[Source records]
○ ○ ○ ○
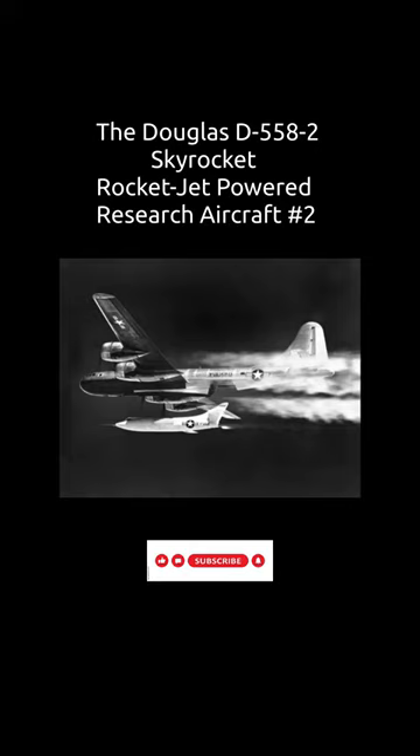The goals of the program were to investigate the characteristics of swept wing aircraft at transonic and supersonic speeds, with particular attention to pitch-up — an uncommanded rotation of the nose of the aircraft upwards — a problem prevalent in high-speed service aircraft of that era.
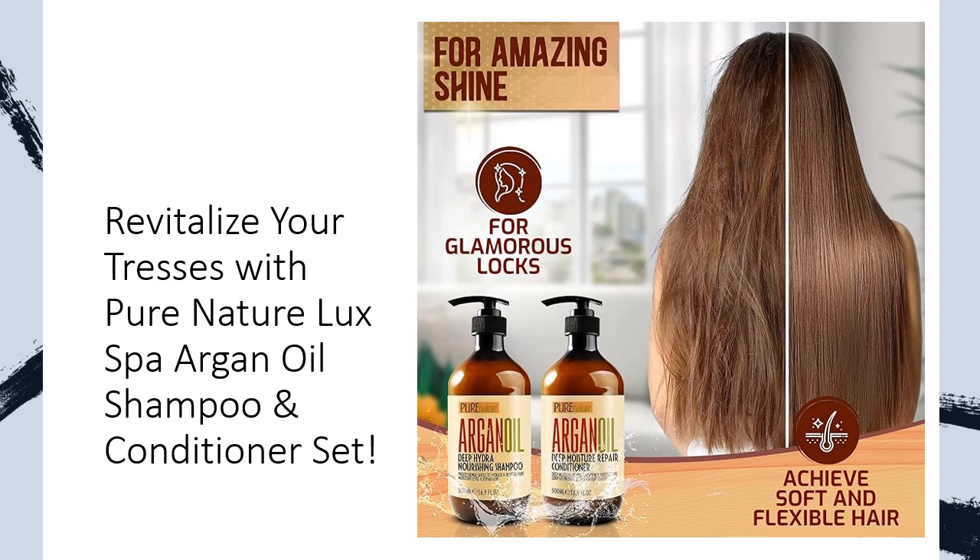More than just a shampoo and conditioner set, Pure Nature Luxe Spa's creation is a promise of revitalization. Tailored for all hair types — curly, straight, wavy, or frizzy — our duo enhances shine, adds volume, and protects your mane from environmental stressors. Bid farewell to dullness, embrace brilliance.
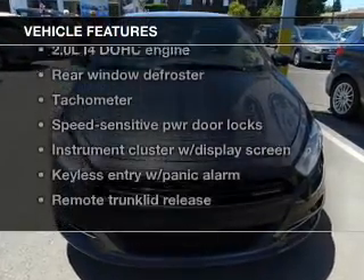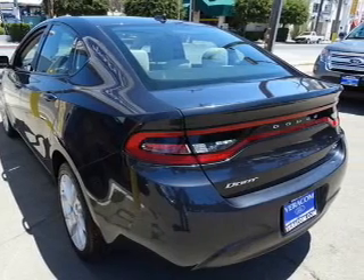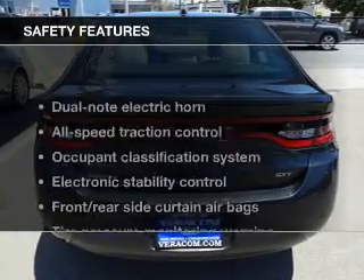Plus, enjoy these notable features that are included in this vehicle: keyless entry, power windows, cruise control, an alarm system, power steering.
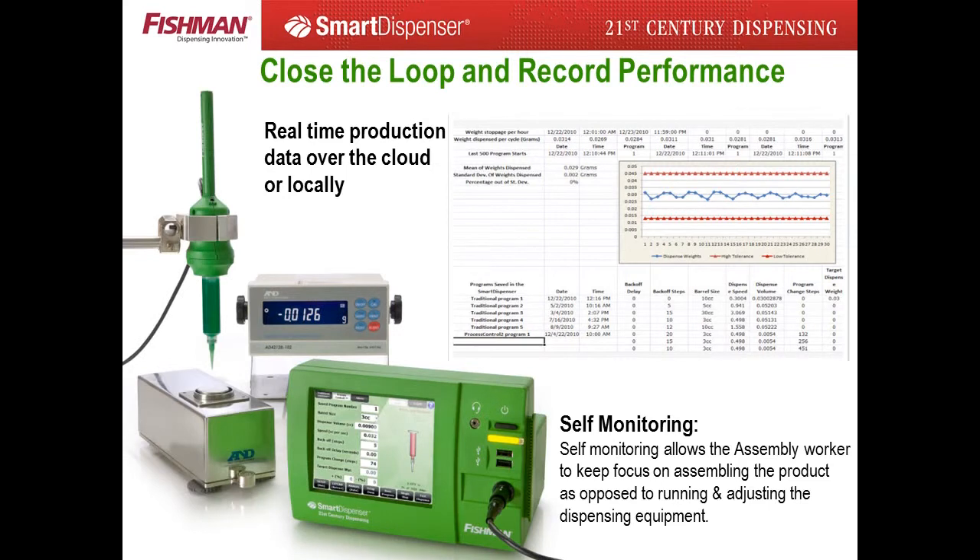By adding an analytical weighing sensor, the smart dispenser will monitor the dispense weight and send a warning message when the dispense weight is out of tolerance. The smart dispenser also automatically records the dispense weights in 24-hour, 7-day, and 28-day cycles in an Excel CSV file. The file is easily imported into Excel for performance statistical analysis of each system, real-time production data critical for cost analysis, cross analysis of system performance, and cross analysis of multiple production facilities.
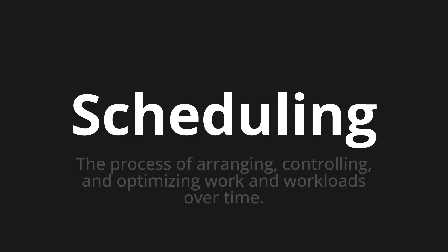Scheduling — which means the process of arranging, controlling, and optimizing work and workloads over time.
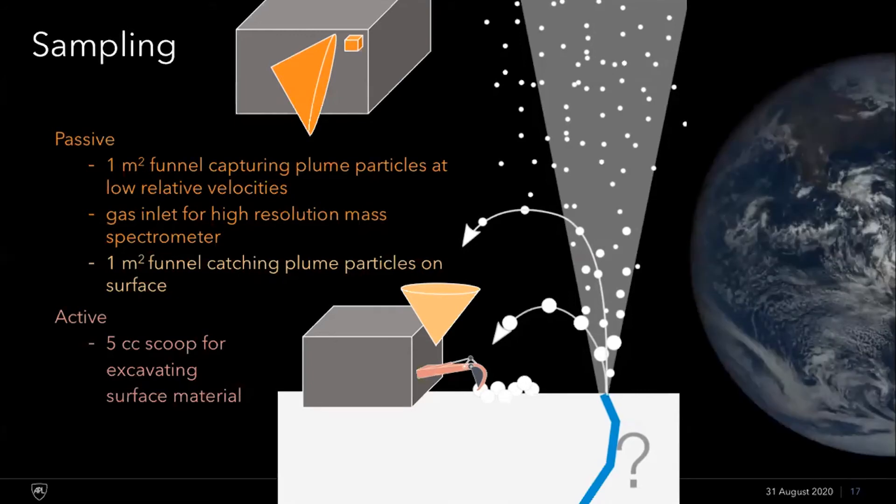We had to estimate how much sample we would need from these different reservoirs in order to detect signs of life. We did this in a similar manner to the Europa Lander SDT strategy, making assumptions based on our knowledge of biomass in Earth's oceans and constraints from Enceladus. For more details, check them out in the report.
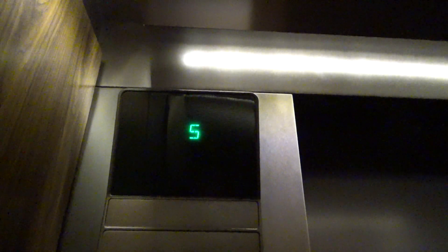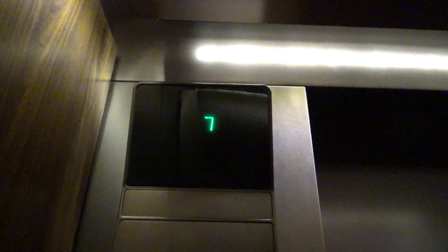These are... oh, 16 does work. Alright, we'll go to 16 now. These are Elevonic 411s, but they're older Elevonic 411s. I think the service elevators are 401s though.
○ ○ ○ ○
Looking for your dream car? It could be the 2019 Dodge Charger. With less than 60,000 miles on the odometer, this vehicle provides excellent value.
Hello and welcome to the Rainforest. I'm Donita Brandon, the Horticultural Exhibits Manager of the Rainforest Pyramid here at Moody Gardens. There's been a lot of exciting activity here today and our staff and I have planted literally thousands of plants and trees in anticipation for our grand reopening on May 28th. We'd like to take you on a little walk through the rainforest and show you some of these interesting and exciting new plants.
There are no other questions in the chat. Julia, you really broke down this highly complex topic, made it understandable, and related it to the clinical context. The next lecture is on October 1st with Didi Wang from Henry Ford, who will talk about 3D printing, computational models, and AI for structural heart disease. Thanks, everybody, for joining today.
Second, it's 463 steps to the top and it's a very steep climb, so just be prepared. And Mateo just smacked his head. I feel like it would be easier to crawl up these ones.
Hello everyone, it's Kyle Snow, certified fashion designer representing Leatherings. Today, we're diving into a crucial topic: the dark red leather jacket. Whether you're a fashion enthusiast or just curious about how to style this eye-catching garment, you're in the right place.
○ ○ ○ ○
With pictures omitted, repeat the entries above word for word from the line holding "More than just" down to the line holding "Scheduling — which", keeping both of those lines.

More than just a shampoo and conditioner set, Pure Nature Luxe Spa's creation is a promise of revitalization. Tailored for all hair types — curly, straight, wavy, or frizzy — our duo enhances shine, adds volume, and protects your mane from environmental stressors. Bid farewell to dullness, embrace brilliance.
Plus, enjoy these notable features that are included in this vehicle: keyless entry, power windows, cruise control, an alarm system, power steering.
By adding an analytical weighing sensor, the smart dispenser will monitor the dispense weight and send a warning message when the dispense weight is out of tolerance. The smart dispenser also automatically records the dispense weights in 24-hour, 7-day, and 28-day cycles in an Excel CSV file. The file is easily imported into Excel for performance statistical analysis of each system, real-time production data critical for cost analysis, cross analysis of system performance, and cross analysis of multiple production facilities.
Scheduling — which means the process of arranging, controlling, and optimizing work and workloads over time.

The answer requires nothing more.